**WORK INSTRUCTION:** Transcribe only the part of the material below that begins at the line containing "6 things you" and ends at the line containing "ВСУ (забавное видео)", with both kept and images left out.

**EXERCISE DATA:**
────────────────────────────────────────

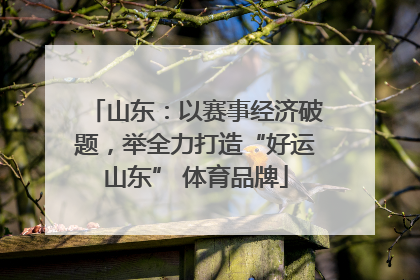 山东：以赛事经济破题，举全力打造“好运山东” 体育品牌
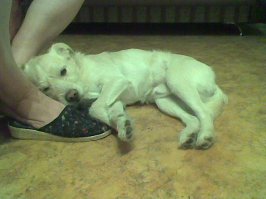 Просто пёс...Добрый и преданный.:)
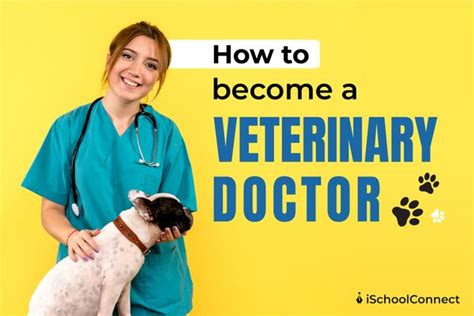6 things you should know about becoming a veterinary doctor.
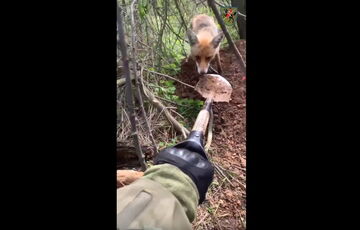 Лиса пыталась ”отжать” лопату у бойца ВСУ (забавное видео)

────────────────────────────────────────

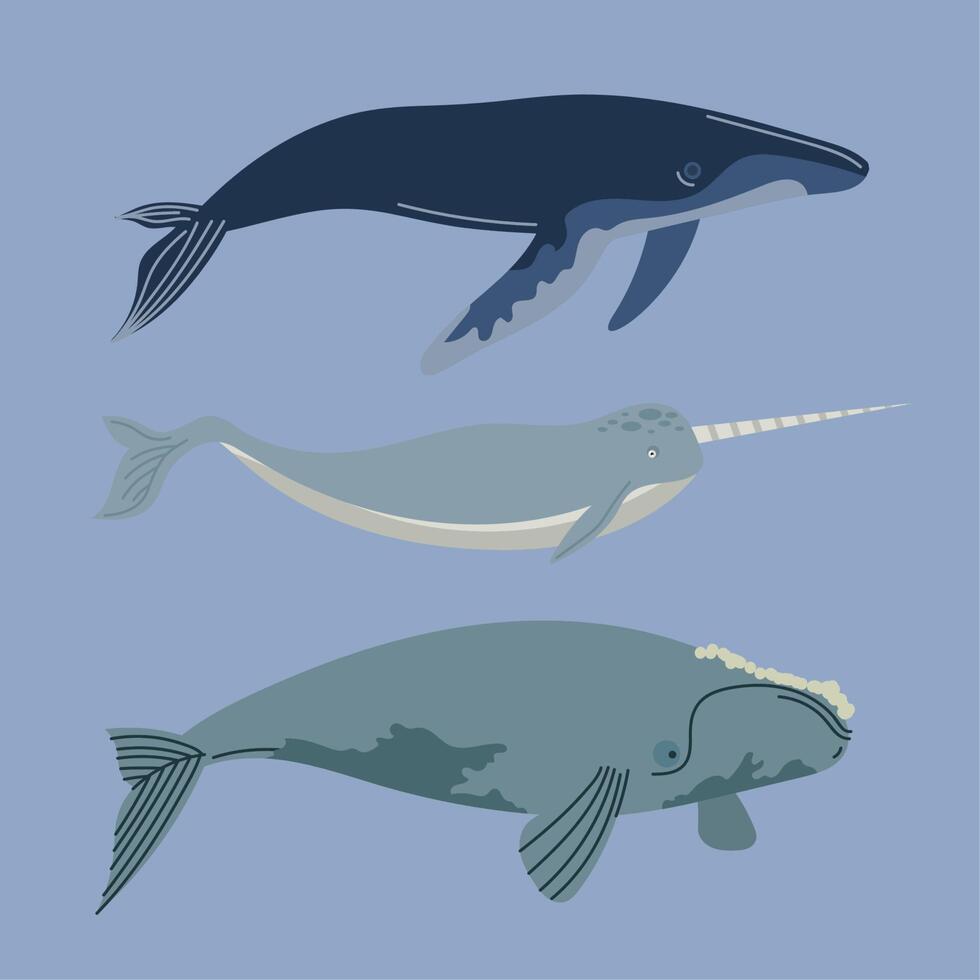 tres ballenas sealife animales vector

────────────────────────────────────────

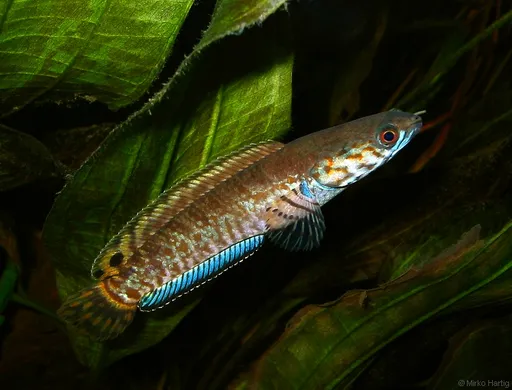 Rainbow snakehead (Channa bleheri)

────────────────────────────────────────

**SOLUTION TO THE EXERCISE:**
6 things you should know about becoming a veterinary doctor.
 Лиса пыталась ”отжать” лопату у бойца ВСУ (забавное видео)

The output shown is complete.